E' un problema delicato, questo, che ovviamente non può e non
deve essere confuso con la disoccupazione meridionale. Tuttavia va
richiamato il pericolo insito in alcuni ragionamenti secondo cui alla
mancanza di manodopera nelle regioni forti si può far fronte
reclutando il personale nei Paesi del Nord Africa. Il pericolo, evidentemente,
non risiede nel fatto che gli immigrati possano sottrarre lavoro ai
meridionali. Sotto questo profilo, il problema non si pone, non fosse
altro che per gli aspetti qualitativi dello stesso, ed in ogni caso
è da escludere che sarà il Mezzogiorno a porlo. Il pericolo
risiede invece in una implicita, se non esplicita, rinuncia a considerare
l'economia italiana nella sua globalità, visto che le regioni
forti possono attenuare la propria dipendenza dal Sud. Insomma, una
sorta di riproposizione della divisione dell'Italia in "Padania"
e "Borbonia".
2) "Comincia a diventare molto ampia la convenienza a spostare
la produzione fuori del nostro Paese. Condizioni appetibili sono offerte
oggi non solo dalla Spagna o dall'Irlanda, ma dalla stessa Francia
e da alcune zone della Germania". Questa dichiarazione responsabilmente
resa dal presidente della Confindustria, Pininfarina, trova un'eco
nell'altra tesi, secondo cui per il futuro industriale del nostro
Paese le esigenze imposte dalla tecnologia e dall'ambiente imporranno
un decentramento, sia pure parziale, delle unità produttive
dalle regioni forti verso altre aree. Ora, verso quali aree si indirizzerà
il decentramento? E' questo un risvolto dell'Europa del '92 sul quale
non ci si è sufficientemente soffermati, anche se il "trialismo"
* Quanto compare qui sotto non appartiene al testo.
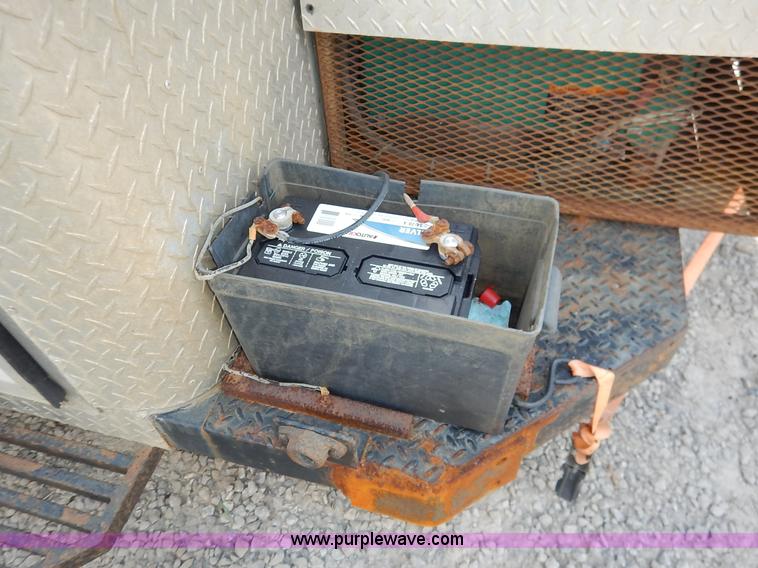 image for item J6485 1995 Advanced Pelsue fiber optic trailer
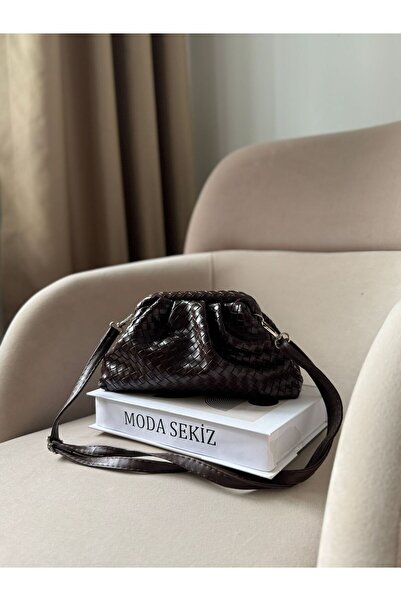 Moda Sekiz حقيبة يد نسائية بنمط محبوك وحزام كتف متقاطع، بلون بني غامق ونمط مم...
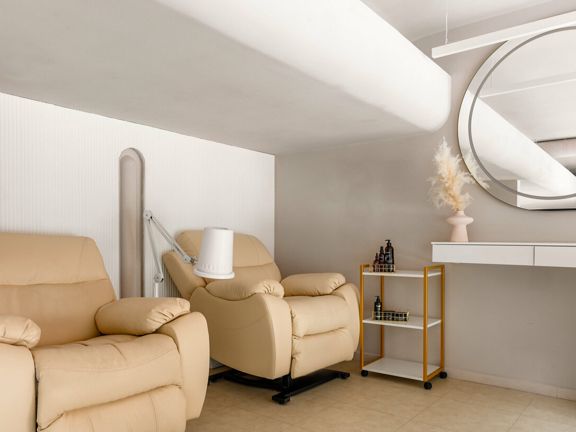 Mood nail bar, интерьер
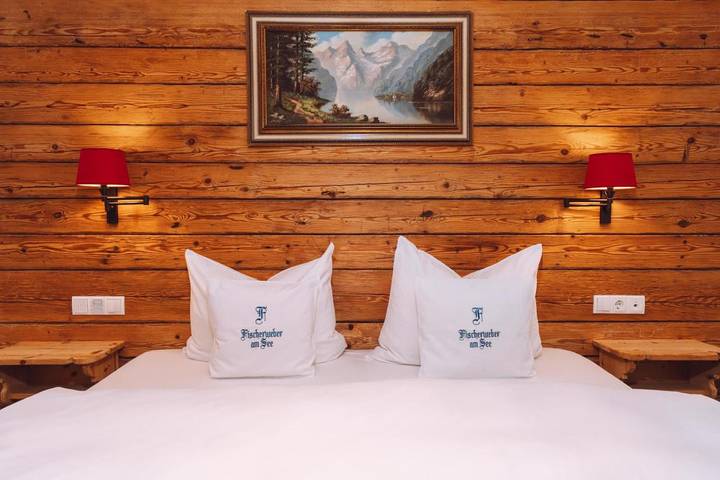 B&B für 2 Personen, mit Ausblick und Garten sowie Seeblick und Terrasse am Tegernsee - 4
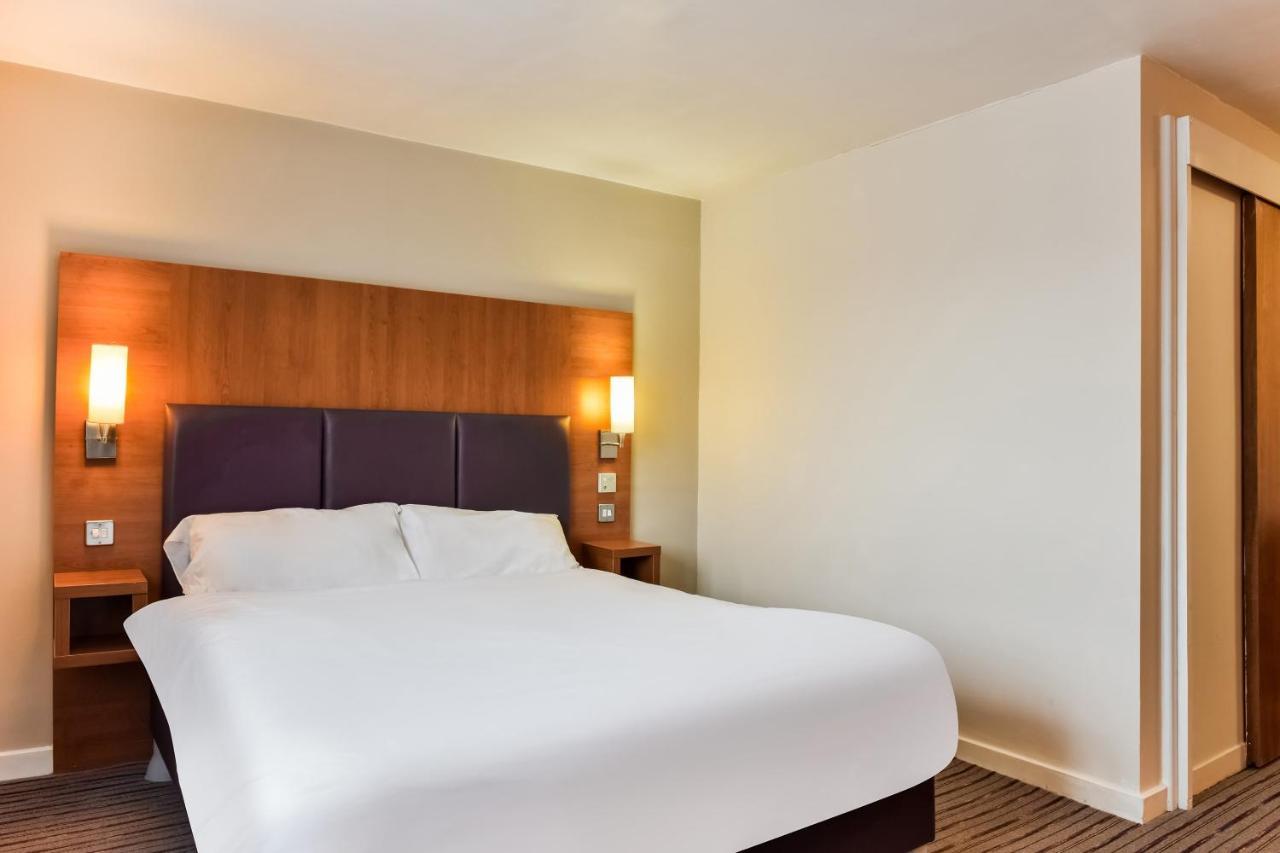 Tyger Inn Дарби Екстериор снимка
di Saraceno, alla vigilia dell'allargamento dell'Europa a 12, lo aveva
ampiamente anticipato.
Lo stesso Saraceno, comunque, ci ha recentemente ricordato che il
Mezzogiorno non è più un'area sottosviluppata, ma un'area
a debole industrializzazione. Se questo è vero, la questione
da porre è come si fa a industrializzare ulteriormente il Mezzogiorno.
3) Si torna a discutere In termini di "intervento straordinario
sì", "intervento straordinario no". La verità
è che l'intervento straordinario, almeno così come lo
conoscevamo, non esiste più da tempo. Ciò è dovuto
sia al "conflitto" della spesa pubblica, sia alla nuova
logica, secondo cui bisognava richiamare gli enti locali alle proprie
responsabilità. In realtà, gli enti locali non hanno
retto alla prova. Si deve quindi cambiare. La soluzione tuttavia non
può essere ricercata tornando indietro, ma andando avanti.
Ecco perché appare prioritaria la riforma delle autonomie locali
rispetto allo stesso intervento straordinario. Ciò anche perché
la questione dei grandi progetti può essere benissimo risolta
all'interno delle politiche e dei piani nazionali.
La riforma delle autonomie locali, d'altra parte, è importante
non solo per conferire efficienza, ma soprattutto per proseguire da
un lato l'obiettivo di creare il "presupposto per far funzionare
i controlli e battere così l'infiltrazione mafiosa", come
ha detto Sica, dall'altro perché, come autorevolmente ci si
è chiesto, "il modello di risposta legislativa e giudiziaria
che ha battuto il terrorismo possa essere adottato con successo anche
contro il potere mafioso".
Spesso mi viene in mente Peter Nichols, il giornalista inglese profondo
conoscitore e amico del nostro Paese, prematuramente scomparso, un
uomo che "odiava chi scrive dell'Italia senza conoscerla";
il quale, a metà degli anni '70, preconizzò il superamento
della crisi italiana. Commentando quegli anni, Nichols scrisse che
il calore del momento era stato spesso così intenso da lasciarsi
dietro, più che ceneri, diamanti. Chissà che la società
meridionale non riesca ad ottenere gli stessi risultati.